Woody Allen should have quit while he was ahead.
I admit it’s hard to say when that was. Would it have been in the late 1980s, after the dark and soulful “Crimes and Misdemeanors”? Was it in the late ’90s, after “Sweet and Lowdown,” starring an incomparable Sean Penn? Or was it earlier in this decade, after the light but charming “Midnight in Paris”?
One thing is for sure — it was before he made his latest movie, “Magic in the Moonlight,” and it was before he was accused, again, of molesting his adopted daughter, Dylan Farrow. You can debate the propriety of discussing Allen’s alleged misdoings in the context of his films. But if you want to argue that rotten people can also make great art, “Magic in the Moonlight” provides little evidence of that.
The movie is a period piece, taking place in Europe at the tail end of the 1920s. It opens at a performance in Berlin by the magician Wei Ling Soo, who is really an Englishman named Stanley Crawford (played by Colin Firth) exploiting the decade’s enthusiasm for chinoiserie.
It takes only a brief cabaret-side chat between Stanley and his friend Howard Burkan (Simon McBurney) to set up the plot and move the action to the South of France. There we meet the wealthy widow Grace Catledge (Jacki Weaver) and her son, Brice (Hamish Linklater), who are acquaintances of Stanley and Howard.
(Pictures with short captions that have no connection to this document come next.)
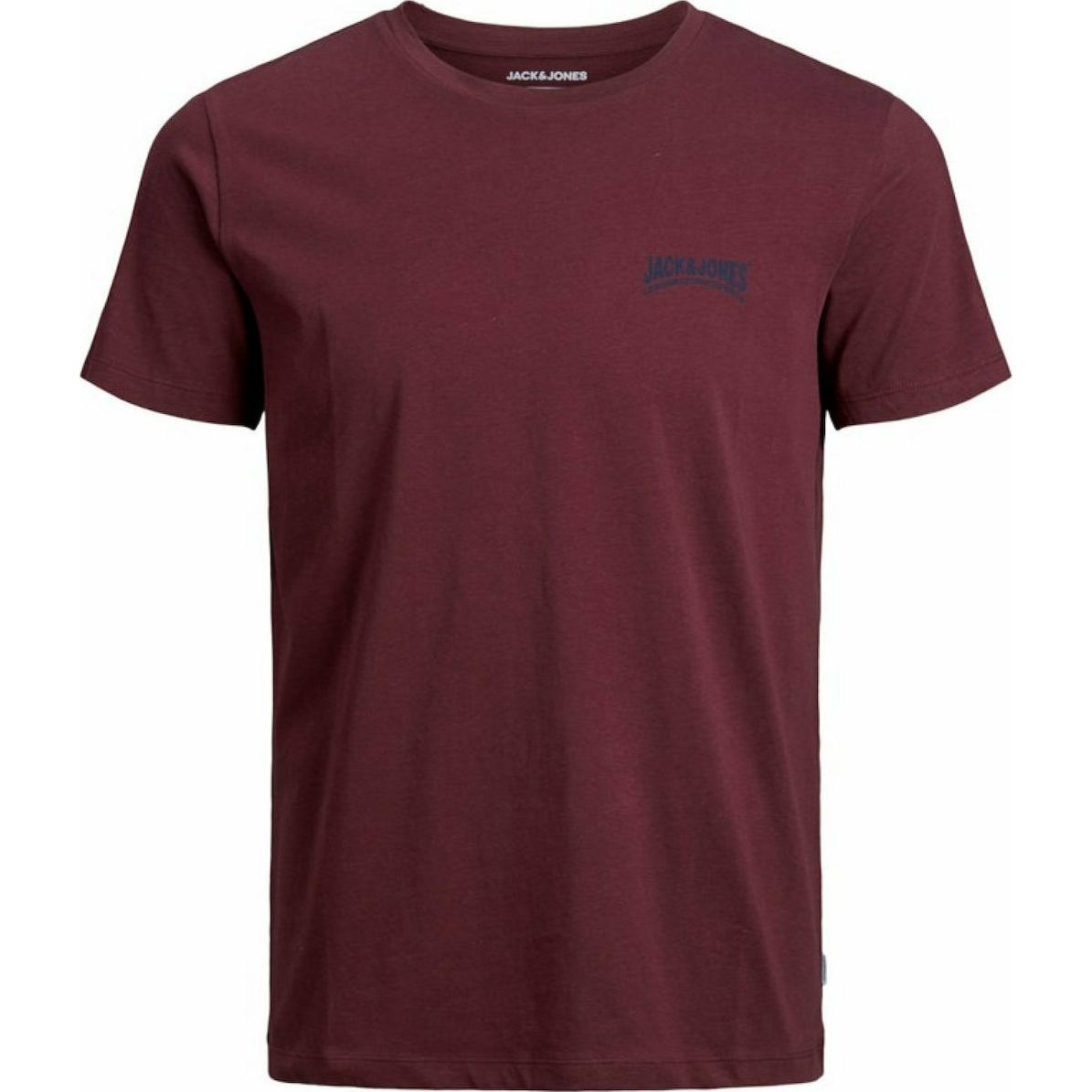 20200901110813 Jack Jones 12175193 Port Royale JACK & JONES JJRETRO LOGO CHEST TEE SS CREW NECK-12175193 PORT ROYALE - Image 1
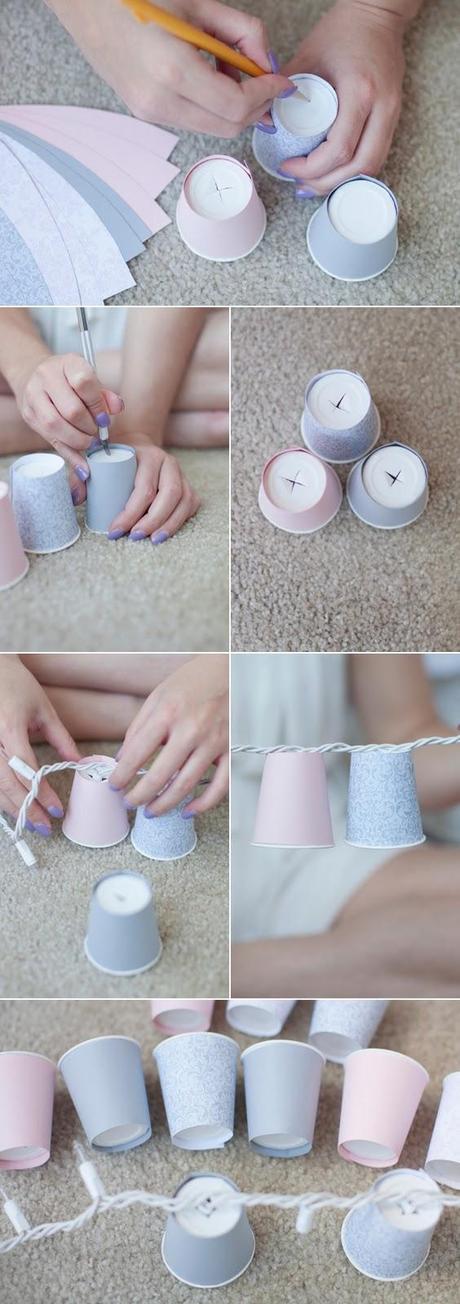 Diy: Guirnalda de vasos de papel iluminados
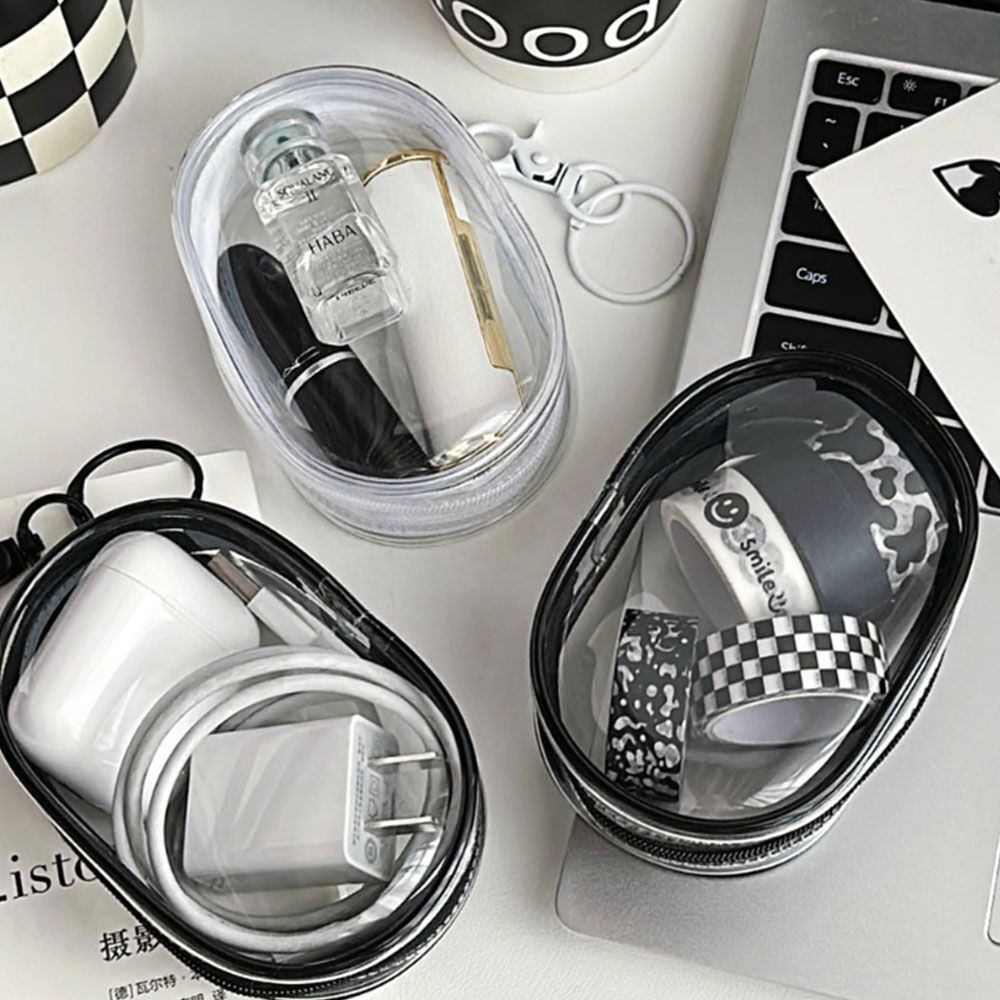 투명 인형 파우치 키링 미니 이타백 pvc 파우치백 무지 화장품 립스틱 립 방수 비닐 원형 케이블 usb 가방 10cm - 메인 이미지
To both men’s distress, the Catledges have been taken in by a self-proclaimed medium, Sophie Baker (Emma Stone), and her scheming mother (Marcia Gay Harden). While Sophie seduces Catledge mère by channeling the widow’s dead husband, she is wooed by the clueless son, who serenades her on the ukulele. The mother pledges to set up a research institute for spiritual phenomena; her son promises yacht trips to the Greek islands and piles of clothing and jewels.
Like many real-life stage magicians, Stanley is not only an illusionist, but also a professional skeptic of the paranormal. And so it becomes his job to debunk Sophie’s dime-store mysticism and save the poor Catledges from their own gullibility.
By now you can imagine what happens next. Will the handsome Stanley and the beautiful Sophie — he a cynical rationalist, she a starry-eyed swindler — discover that despite their differences they actually have feelings for each other? Will those feelings be tested, and at some point seem hopeless? Will love eventually triumph, and will everyone live happily ever after?